[Caption-style text data]
=-=-=

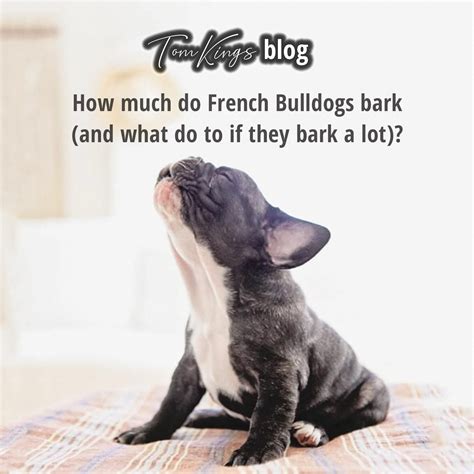  The first question I asked was: Does your French Bulldog bark a lot? However, I did expand the question, telling people to only say yes or no if the barking was a problem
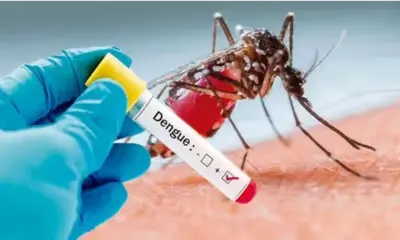 dengue fever death bangalore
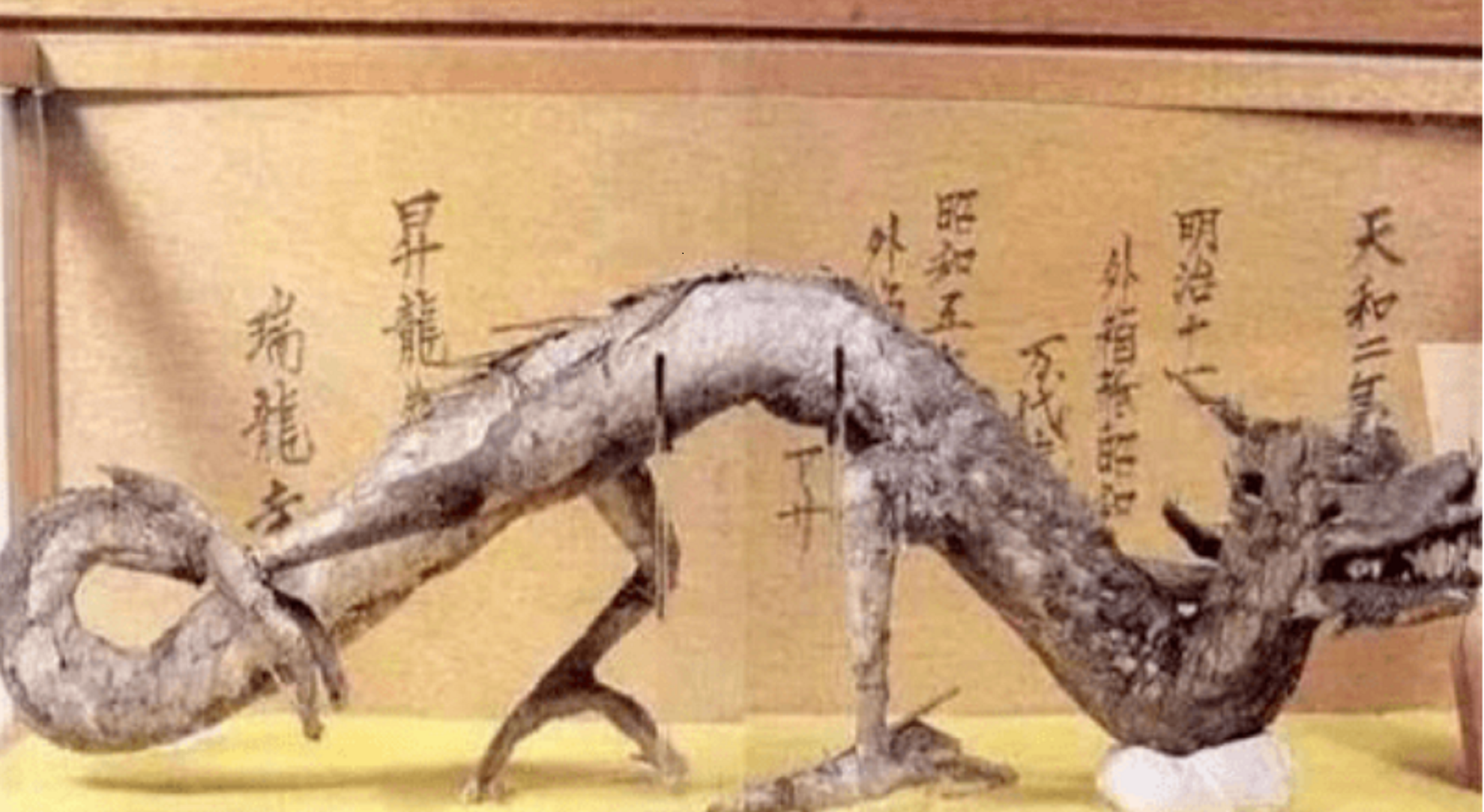 世界上真的有龙吗,有很多人目睹,在一个地方还发现了标本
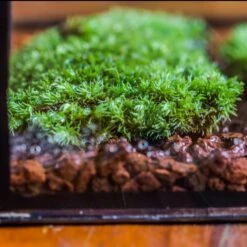 20x30cm Multiple Pieces Live Dry Leucobryum Moss, Cushion Moss Will Regreen, For Terrarium, Micro Landscape -Ncyp Garden Sale Shop IMG 8328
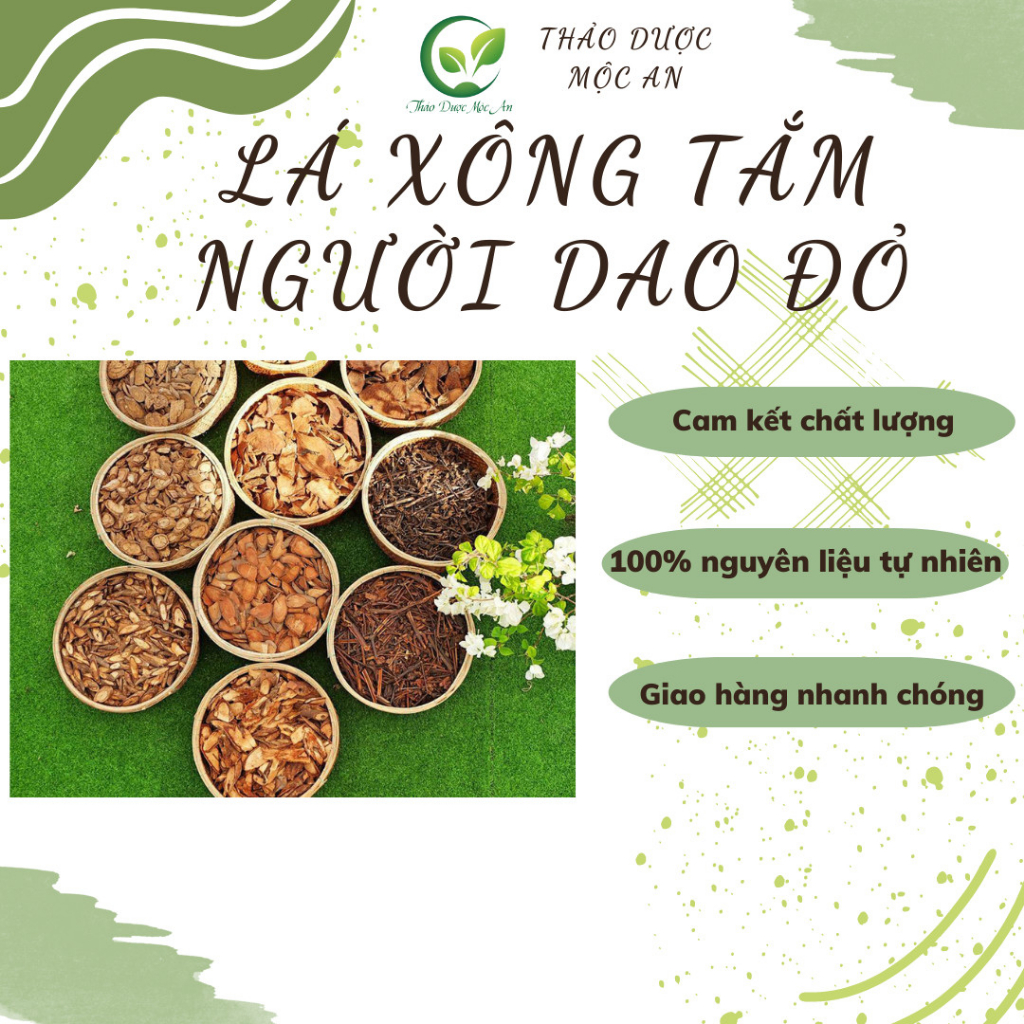 Lá tắm người dao đỏ giúp tăng cường đề kháng, giải cảm, giảm stress - Thảo mộc bảo vệ sức khoẻ Mộc An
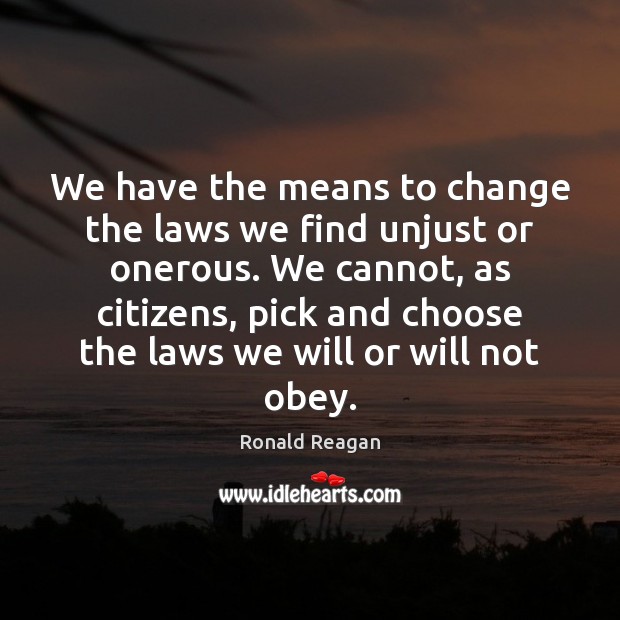 We have the means to change the laws we find unjust or Image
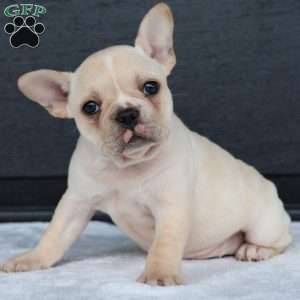 Reeba, French Bulldog Puppy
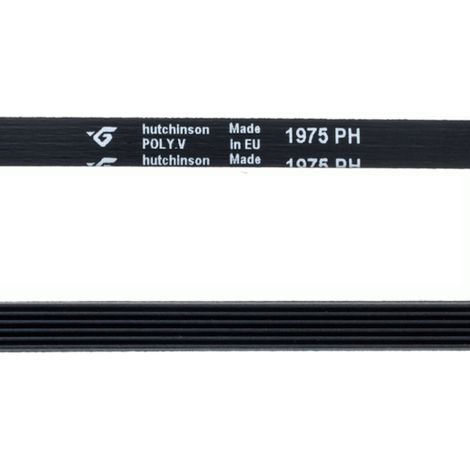 Correa 1975 H6 Compatible con Zanussi Bosch Merloni Transmisión Ranurada de 6 Pistas Recambio Reforzado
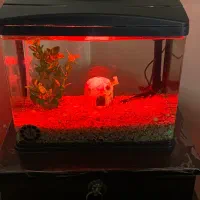 آکواریوم ماهیران طول۳۸ عرض ۲۱ ارتفاع۳۳|ماهی|تهران, لویزان|دیوار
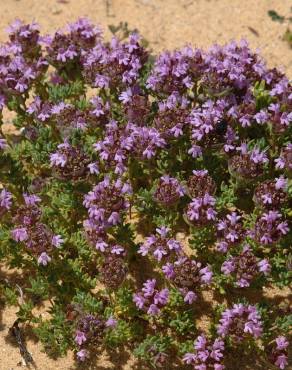 Fotografia 10 da espécie Thymus camphoratus no Jardim Botânico UTAD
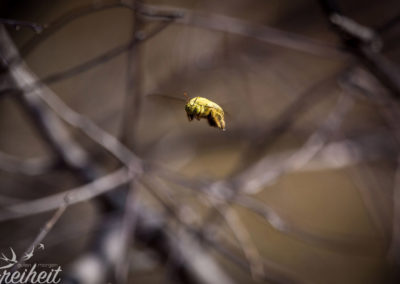 Biene im Flug - und das in scharf! :D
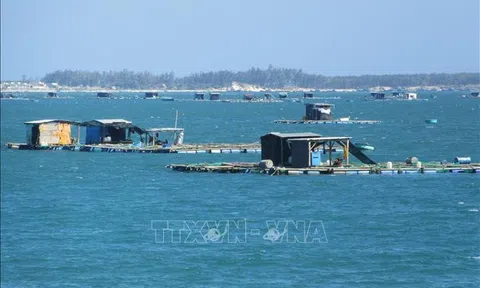 Tạo nền tảng cho phát triển nghề nuôi biển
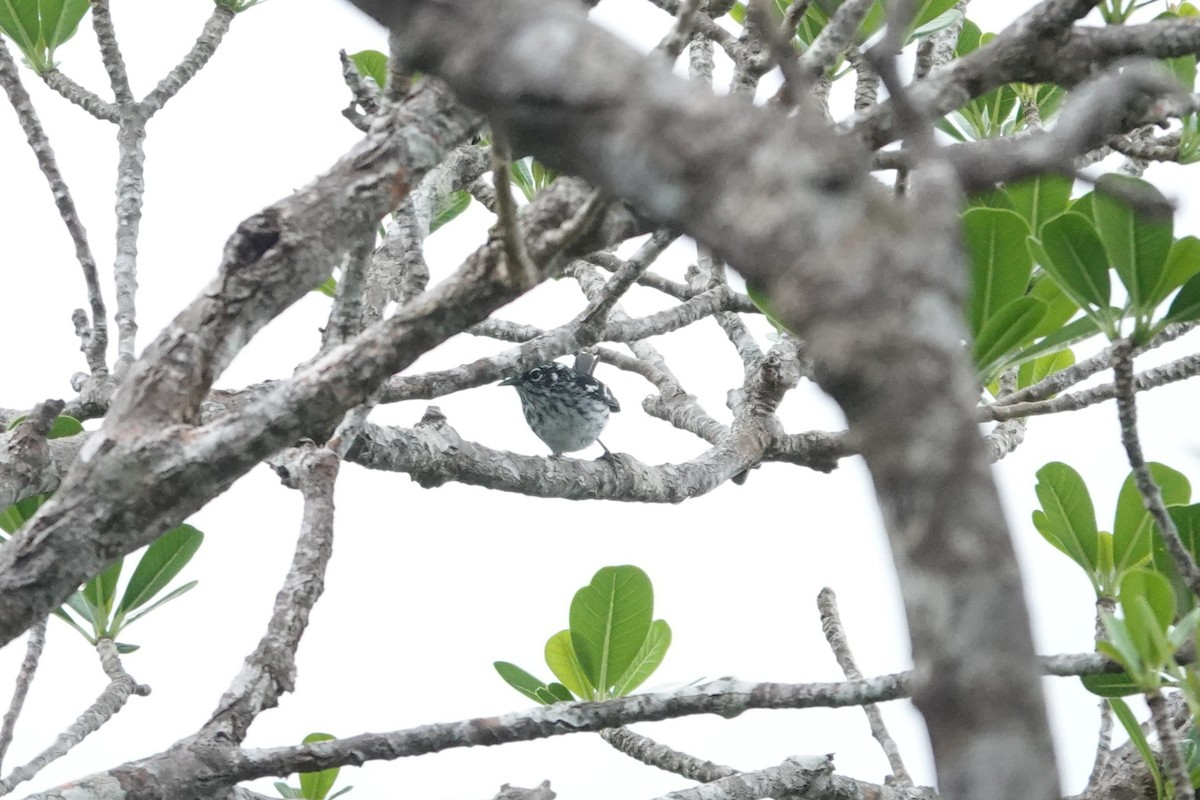 Elfin-woods Warbler - ML636675503
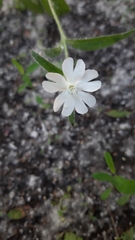 Silene latifolia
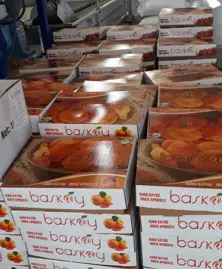 Dried Apricot Boxes 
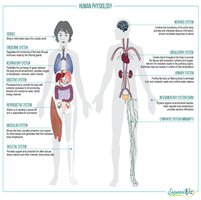 Human physiology systems overview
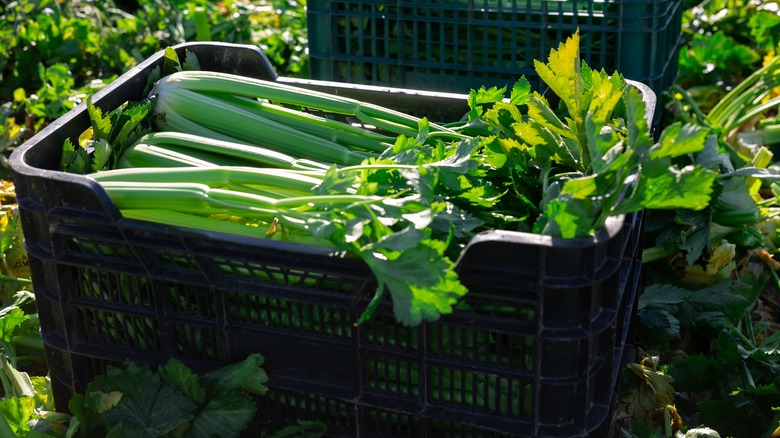 Bin of fresh harvested celery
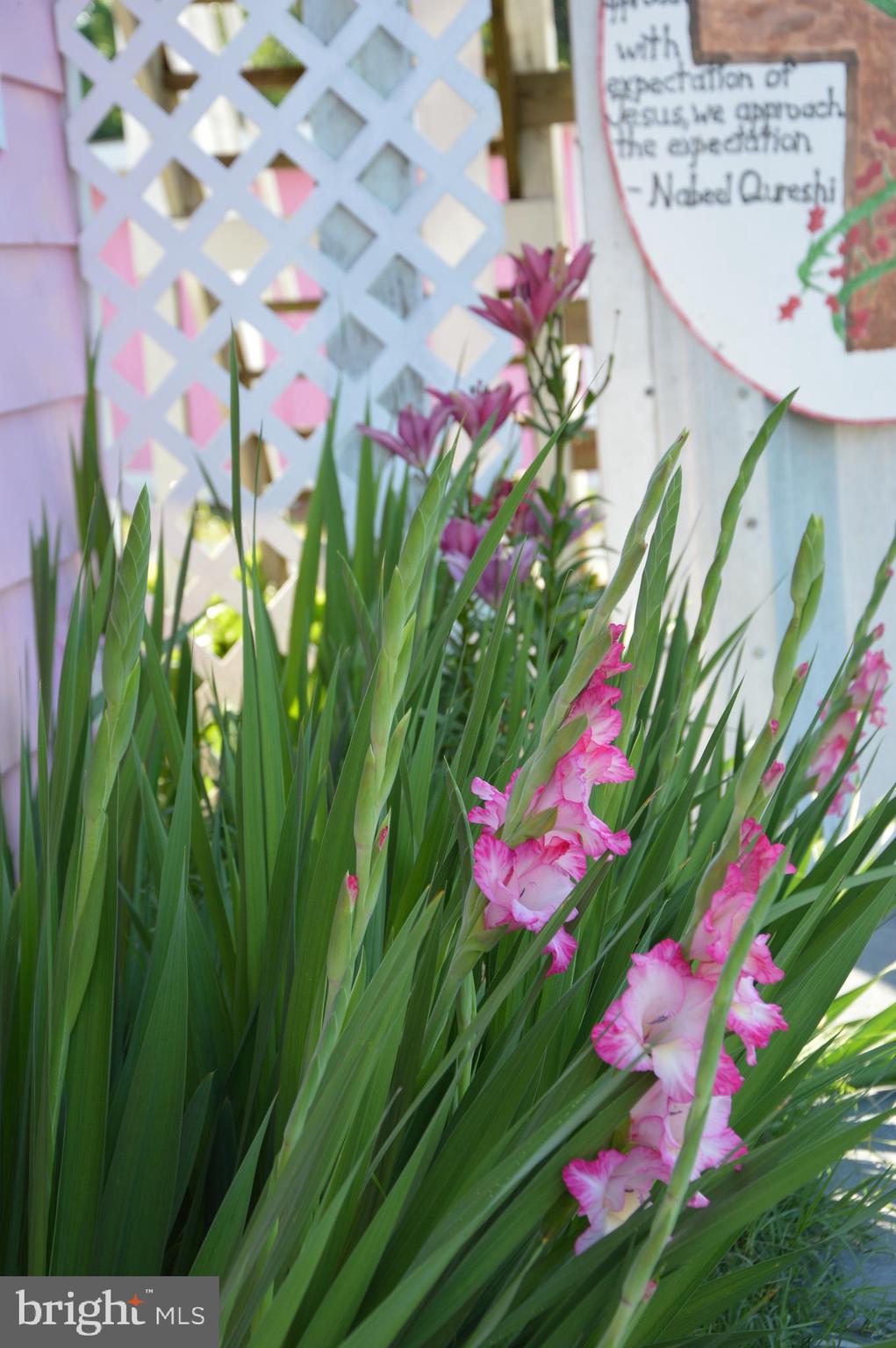 METES & BOUNDS - Residential Lease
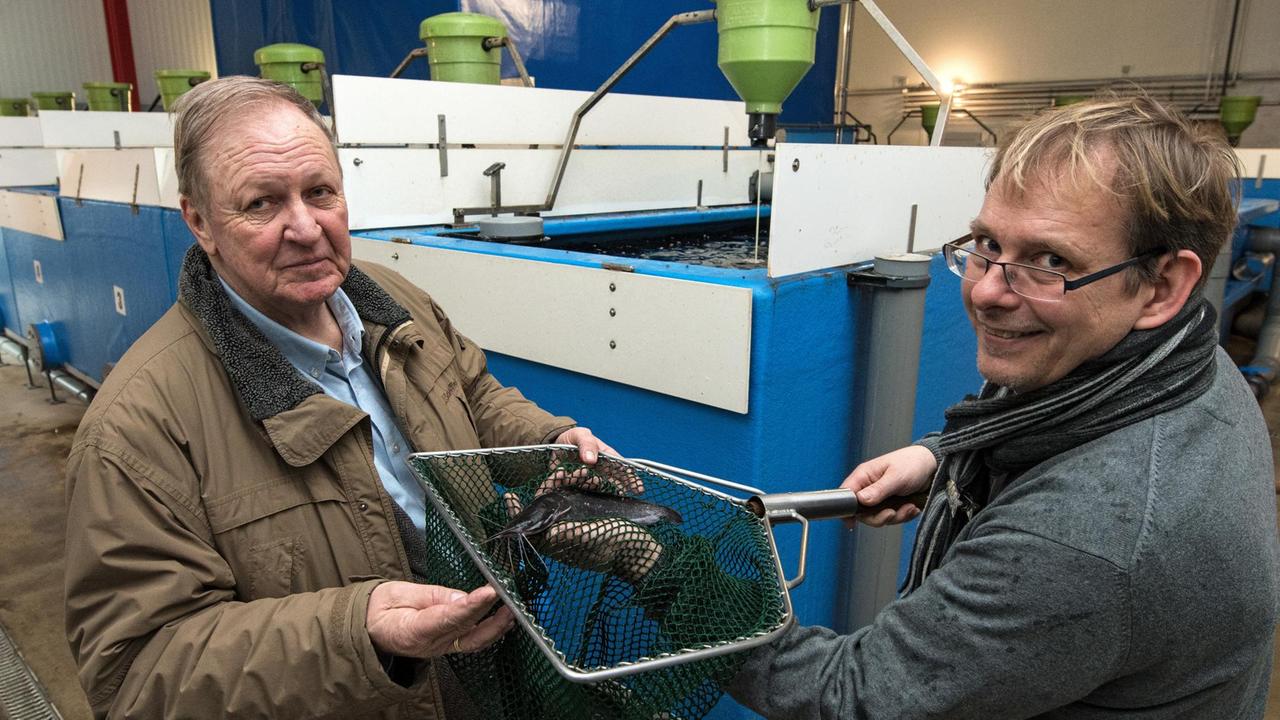 Als Vertreter der Ostewert AG halten Bert Frisch (l) und Nils Uhtenwoldt in ihrer Fischzucht in Oberndorf an der Oste (Niedersachsen) einen der Welse im Kescher.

=-=-=

(Work request) Please transcribe word for word the lines from the one bearing "Bin of fresh harvested celery" through the last line of the records above, omitting the pictures.

(Solved exercise)
 Bin of fresh harvested celery
 METES & BOUNDS - Residential Lease
 Als Vertreter der Ostewert AG halten Bert Frisch (l) und Nils Uhtenwoldt in ihrer Fischzucht in Oberndorf an der Oste (Niedersachsen) einen der Welse im Kescher.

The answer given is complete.